Quelques semaines après notre colloque à l’Assemblée nationale, intitulé : « 3 500 morts sur les routes depuis dix ans : et maintenant on fait quoi ? Bilan de la politique de sécurité routière menée par les gouvernements successifs et vraies pistes d’amélioration », la Ligue de Défense des Conducteurs vient de publier les Actes et les vidéos de cet événement.

Pourvu que les analyses et les propositions des experts que nous avions sollicités trouvent un écho du côté du ministère de l’Intérieur...

Comment susciter un électrochoc pour qu’enfin, la politique de sécurité routière en France prenne un autre chemin que celui de la répression pure et dure ? C’était la mission que s’était fixée la Ligue de Défense des Conducteurs, en organisant ce colloque à l’Assemble nationale le 20 mars dernier. Tout d’abord, en consacrant une première table ronde aux limites de la poursuite quasi obsessionnelle de la vitesse au travers des radars automatiques, dont la prolifération n’arrive pas à enrayer la mortalité sur la route. Puis, lors d’une deuxième table ronde, en offrant une tribune aux vrais acteurs de terrain de la sécurité routière, experts en prise en charge des victimes, en sécurité des véhicules et en qualité des infrastructures routières. Enfin, la troisième table ronde a consisté à lister des actions concrètes, dont la mise en place améliorerait très concrètement la sécurité routière…

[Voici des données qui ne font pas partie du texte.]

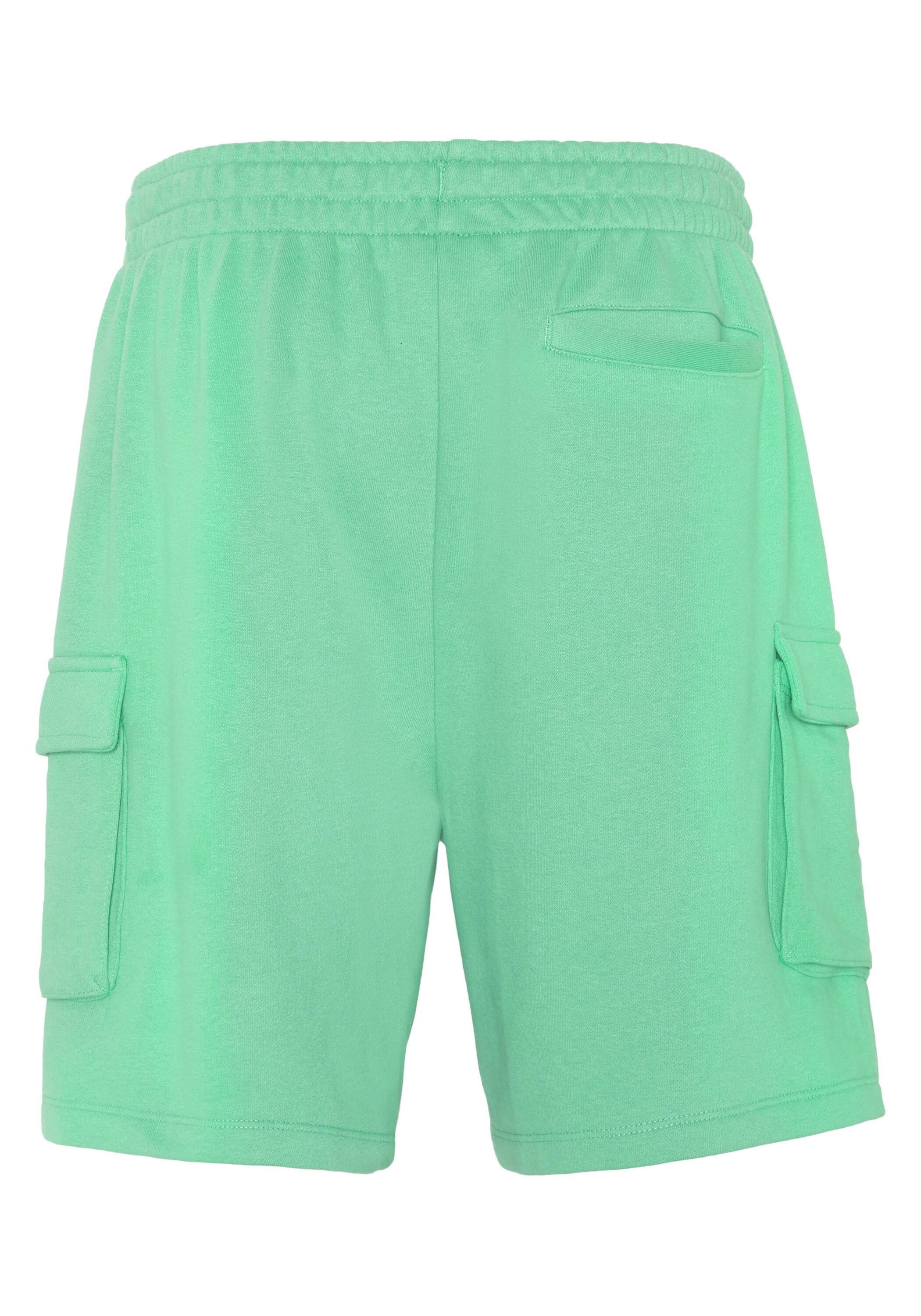 Cargo-Shorts mit dezentem CHIEMSEE-Stick 2/7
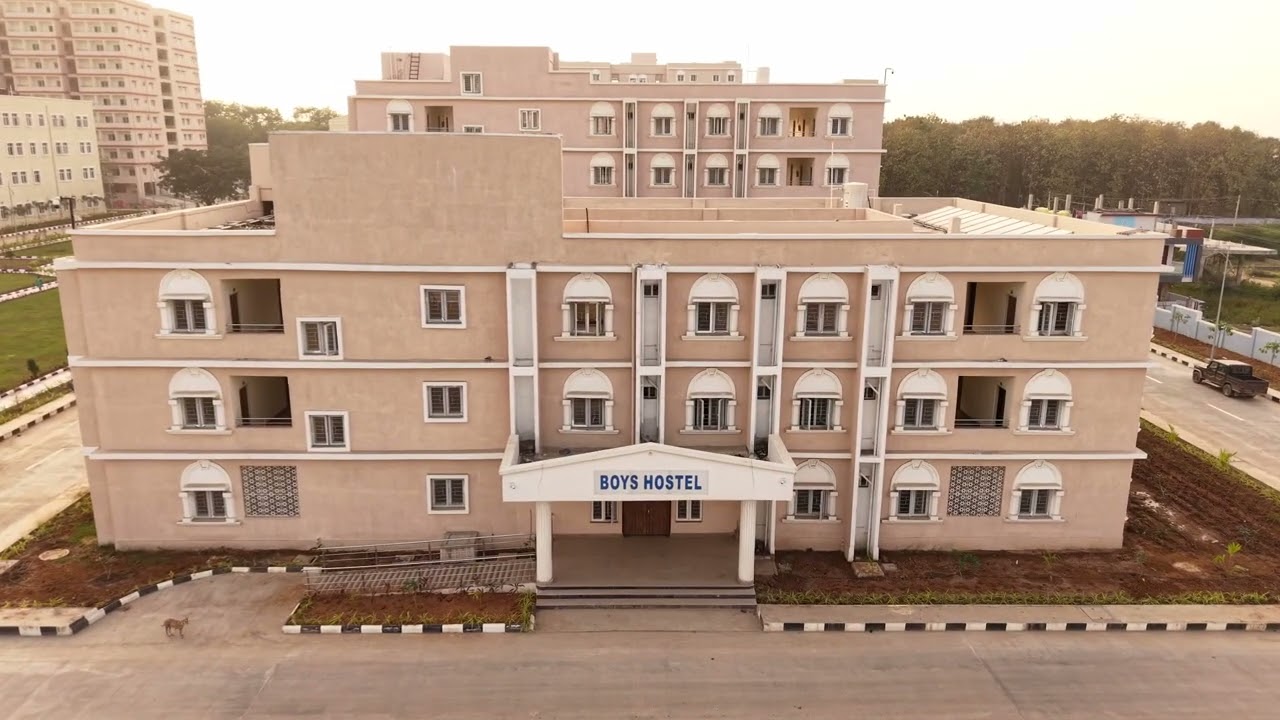 Singarni Institute of Medical Sciences, ( GMC ) Ramagundam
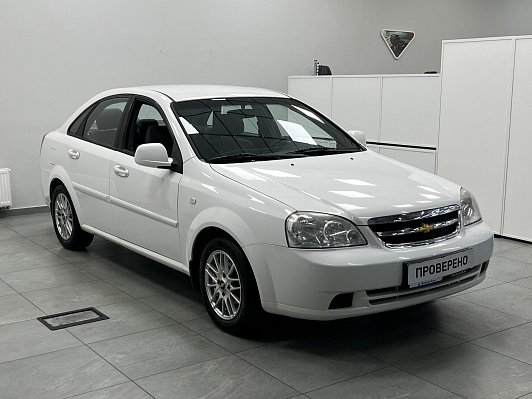 Chevrolet Lacetti Star, 2012 года, пробег 178802 км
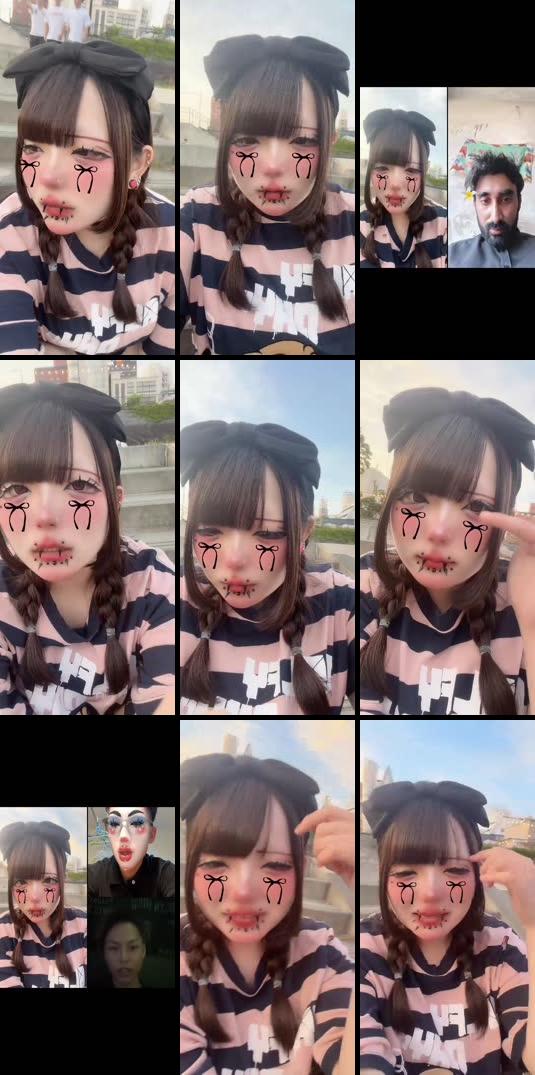 私を選べ (7224827587779429378) TikTok VODs & Stream Recordings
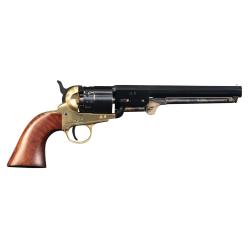 R&eacute;plique 1851 Navy Laiton Cal. 44 Poudre Noire Pietta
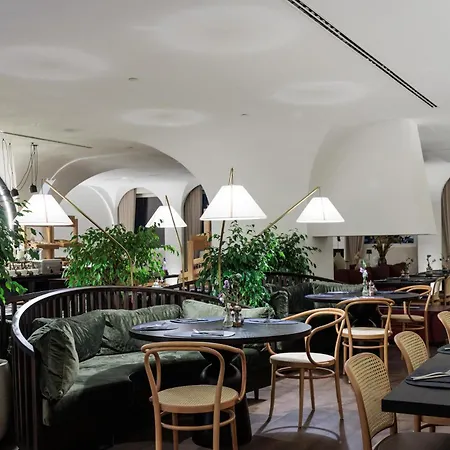 Radisson Collection Hotel, Old Mill Belgrade-3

Voici un florilège de propos tenus par les intervenants lors de ces trois tables rondes.

TABLE RONDE 1
La politique de sécurité routière peut-elle encore longtemps se focaliser sur la vitesse alors que la mortalité stagne ?
Avec Olivier Amrane, Bernard Darniche et Rémy Josseaume

C’est le président du Conseil départemental de l’Ardèche, l’un des sept départements dont la totalité des routes est repassée à 90 km/h, qui ouvre le ban. Le crédo d’Olivier Amrane : adapter sa politique de sécurité routière à la réalité de terrain et pointer du doigt le décalage entre le 80 km/h, imposé par Paris en 2018, et les contraintes de mobilité de ses concitoyens. Il déclare notamment, au sujet de son rejet de l’abaissement de la vitesse généralisé (dont il n’a pas observé d’effet probant sur ses routes avant qu’il ne rehausse la limitation) : « C’est nous qui avons une connaissance fine de nos routes, nous avons déjà identifié les zones dangereuses, elles sont sanctuarisées ».

Bernard Darniche, dont le palmarès en compétition automobile (champion d’Europe des rallyes) et la profonde connaissance de la sécurité routière parlent pour eux-mêmes, demeure très engagé dans la formation et la prévention. Expliquant pourquoi il vient de cofonder un Pôle de prévention des risques routiers, il promeut une « mobilité sereine et durable », mais n’a pas sa langue dans sa poche, rappelant entre autres que « L’endroit où on est autorisés à rouler le plus vite, les autoroutes, c’est là où il y a le moins d’accidents. De temps en temps, il faudrait que ça percute, ça, quand même », s’insurgeant contre le fait que « Les règles, aujourd’hui en France, bien malin celui qui dit « je les respecte et je les décrypte toutes ». C’est juste impossible »… Son souhait le plus cher, déplacer le débat : « Tant qu’on ne déconnectera pas la sécurité routière du monde politique, on sera dans un système qui ne marche pas ».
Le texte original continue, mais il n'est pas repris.